None of these dictators elicit any sympathy, of course. Yet in each case, the comparison with Hitler was vastly overdrawn. Far from being Hitlers, they were regional strongmen with ambitions to control their own country by suppressing opposition. Although their foreign policies had a potential to destabilize their regions, none had an explicit expansionist design. Although the U.S. has no vital interests in those regions, it should speak out against gross violations of human rights. But it should have employed concerted diplomatic actions to address them. Instead, a regime change strategy was adopted. As a result, democracy was associated with putting a U.S.-friendly regime in power rather than supporting democratic processes. As to those daring to oppose the U.S.' global agenda, they risked to be isolated at best — and killed at worst.

The appeasement logic suffers from two important flaws when it is applied to Russia. First, it wrongfully presents the U.S. policy toward Russia as true engagement. In reality, the West never tried engagement. Because of deep mistrust toward Russia, U.S. policy was a combination of selective cooperation and a large dosage of containment. Take, for example,?  NATO expansion toward Russia's borders and a refusal to incorporate Russia into the West's security framework. By proposing to stand tough with Putin now, appeasement advocates want to apply hardline measures aimed at Moscow that have caused so many problems with Russia in the first place. The hawks around Putin would only be grateful for Western pressures as a justification for ratcheting up its anti-U.S. and anti-Western rhetoric and propaganda. In the meantime, this toughness on both sides could easily escalate to a military conflict.

The appeasement theory also misreads Russia's motives in Ukraine. As in Georgia, these motives are related to preservation, not expansion, of the Kremlin's influence. Humiliated by the West's containment strategy and the collapse of the agreement of Feb. 21 between the Ukrainian government and the opposition, Putin used Crimea as a bargaining chip in negotiating the restoration of Russia's influence in Kiev. Yet, while his ambitions are limited, Western military pressures may push Putin to intervene in eastern and southern Ukraine.

Those applying the appeasement metaphor to Putin want to sabotage the Western leaders' attempts to resolve the Crimea crisis through diplomacy. In reality, they want to push the U.S. toward a military confrontation with Russia. They are making their case in Western media because the appeasement argument, as history shows, is more likely to convince the public to support the war against a global aggressor. There is reason to believe that the majority of Americans will not fall for this tactic. They have, after all, learned tough lessons over the past 20 to 40 years of U.S. interventions in other countries.
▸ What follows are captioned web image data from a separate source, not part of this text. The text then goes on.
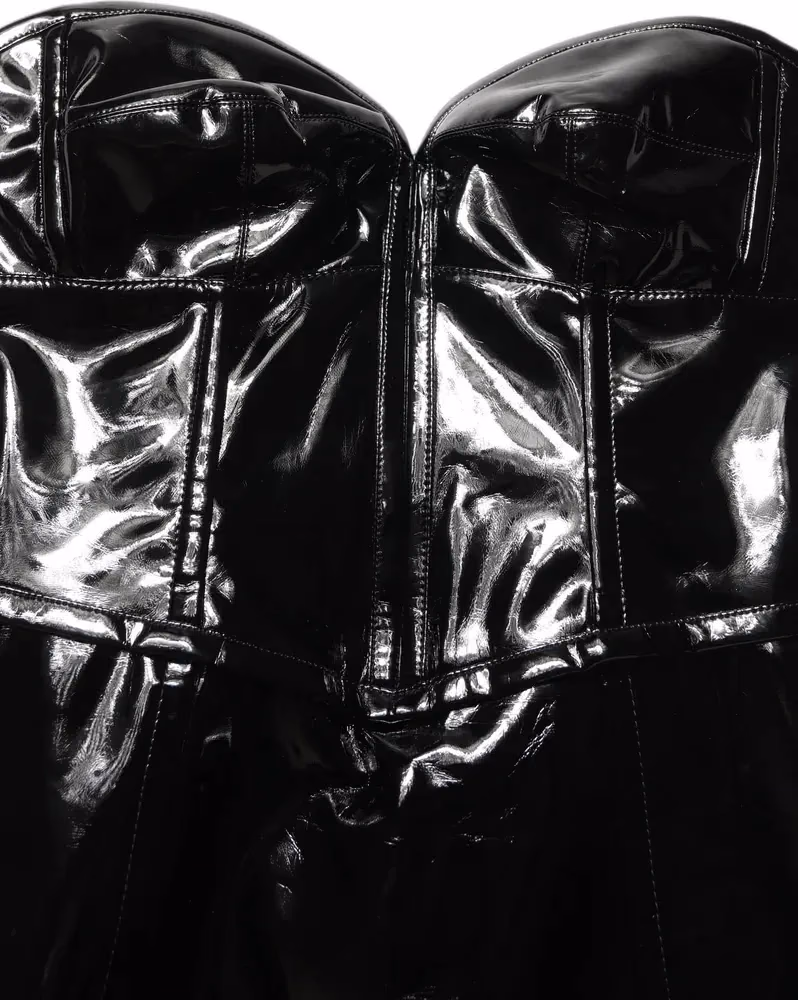 Dolce & Gabbana Black Patent Leather Corset Style Mini Dress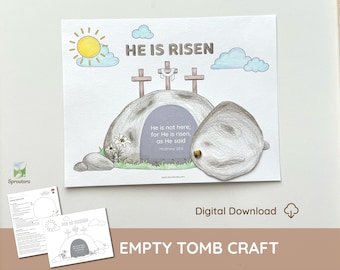 He is Risen Empty Tomb Coloring Craft for Kids• Printable Easter Sunday ...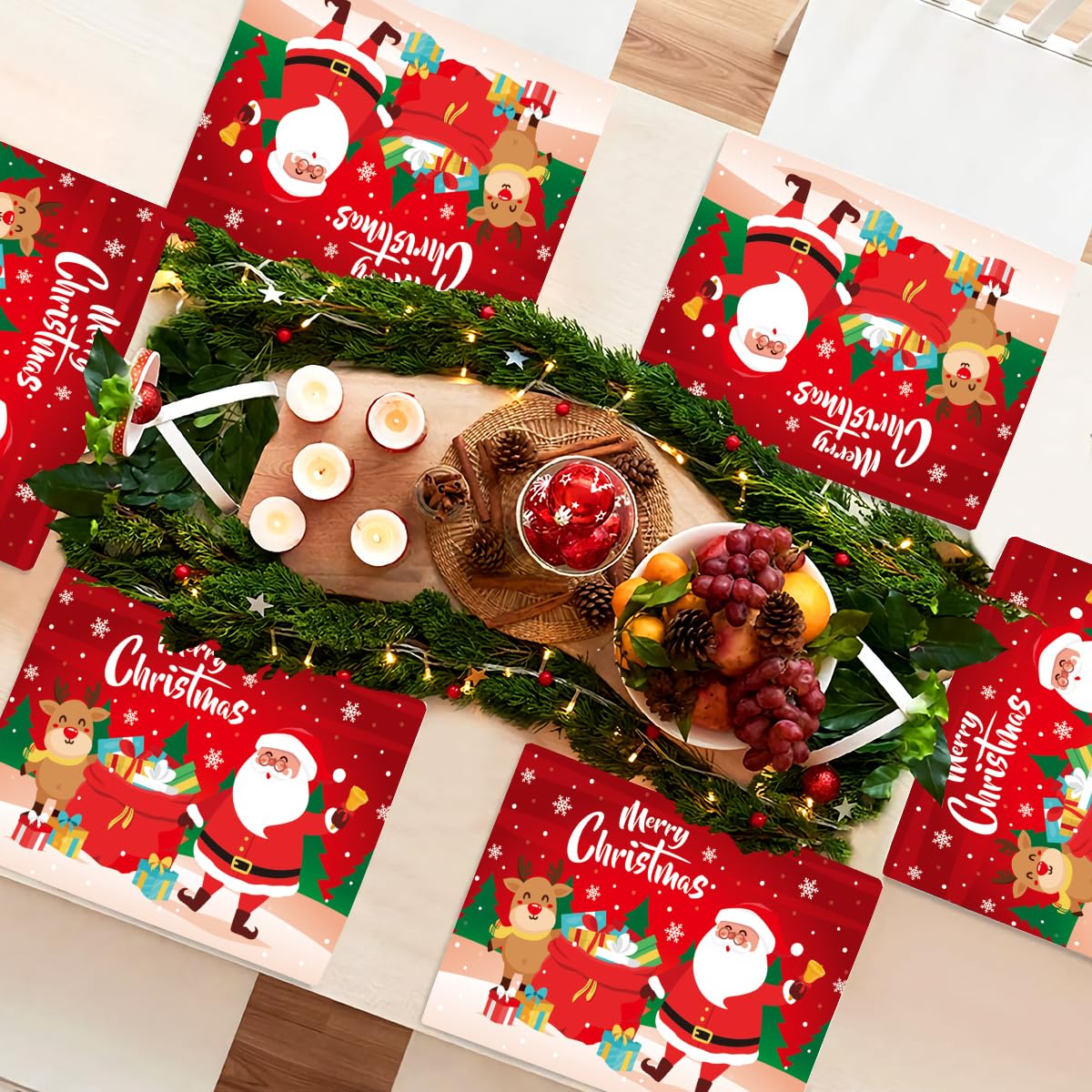BESTonZON Christmas Placemats Set of 6 - 17x11 Inch Holiday Table Mats in Festive Red - Merry Xmas Dining Decor for Kitchen, Party & Holiday Gatherings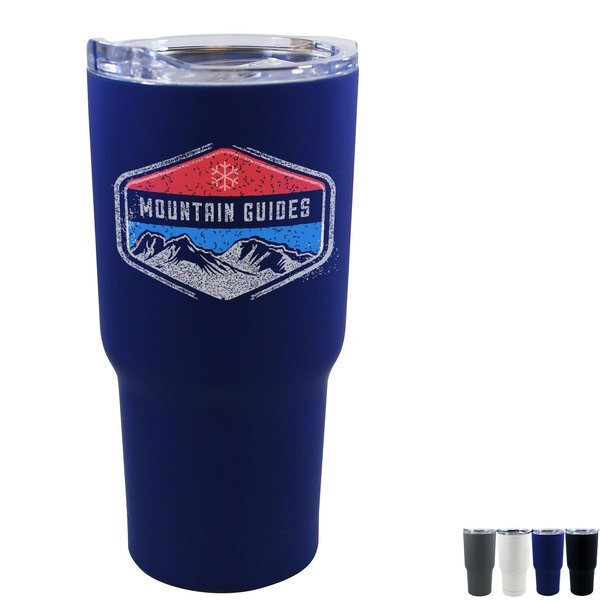 Soft Touch Double Wall Stainless Steel Halcyon® Tumbler, 20oz., Full Color Imprint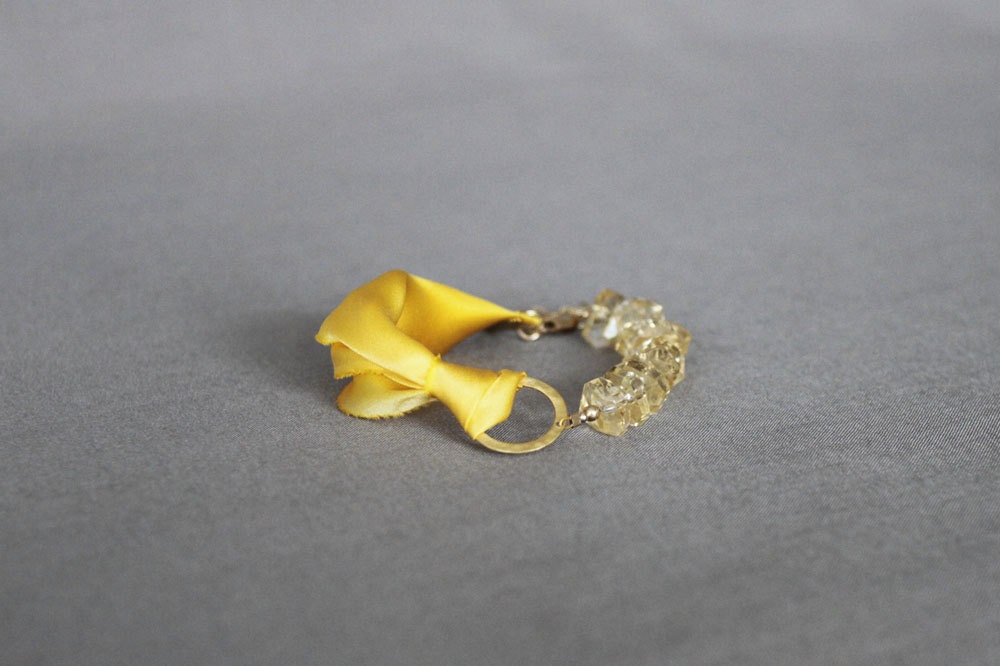citrine nugget and silk ribbon bracelet . rising sun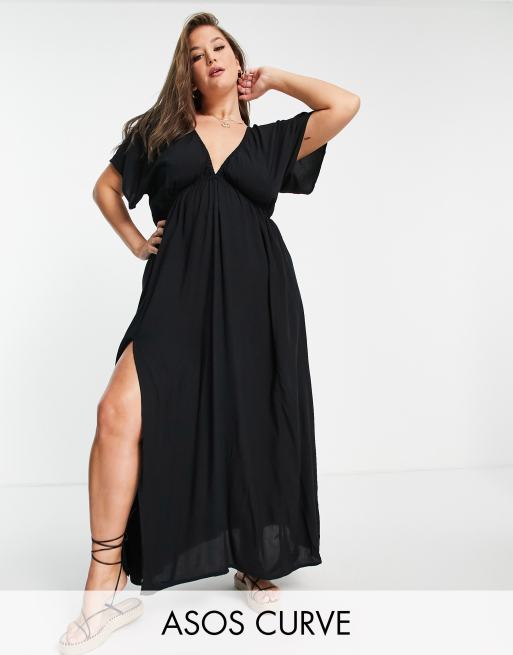 Vestido negro playero new arrivals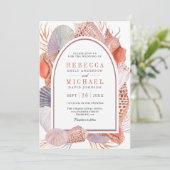 Boho Seashells素朴 QR航海のコー結婚ド 招待状 (スタンド正面)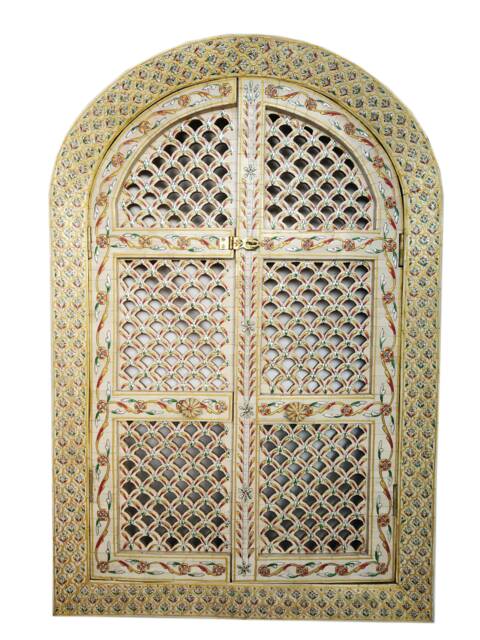 Bone Jharokha Window Handmade Wall Hanging Floral Emboss Painting Wooden Frame - image 1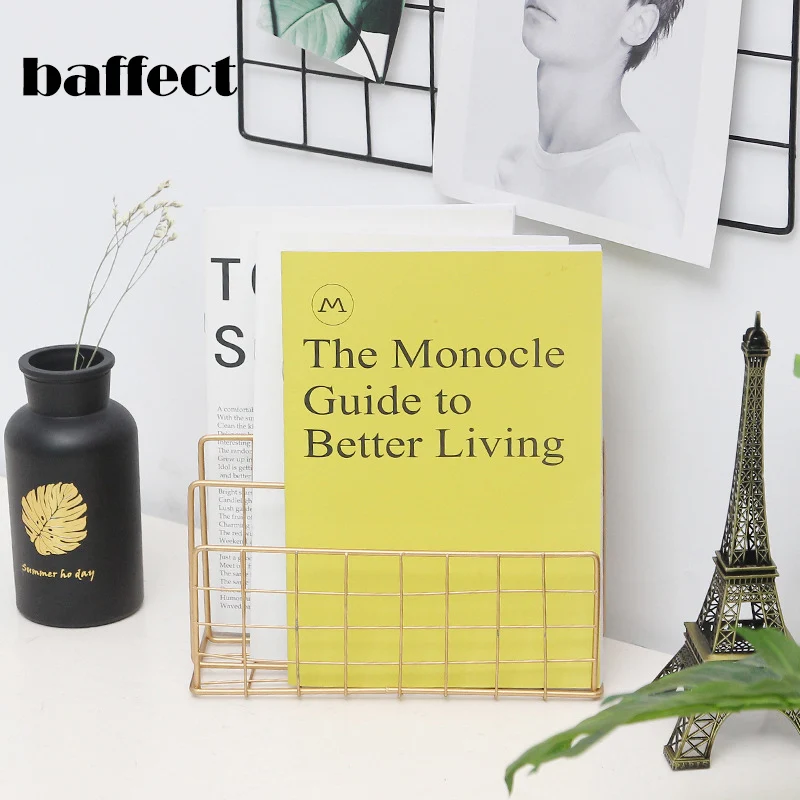 Простые INS железные геометрические книжные полки держатели для хранения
Whatever McCain, Clinton, Saakashvili and their supporters have to say, the solution to the Ukrainian crisis is to work out conditions respectful of Kiev and Moscow's wishes, not to drum up the war rhetoric. Washington and Brussels should continue to look for a diplomatic solution to the Russian-Ukrainian conflict and not yield to the pressures of anti-Russian hawks.

Andrei Tsygankov is professor of international relations and political science at San Francisco State University.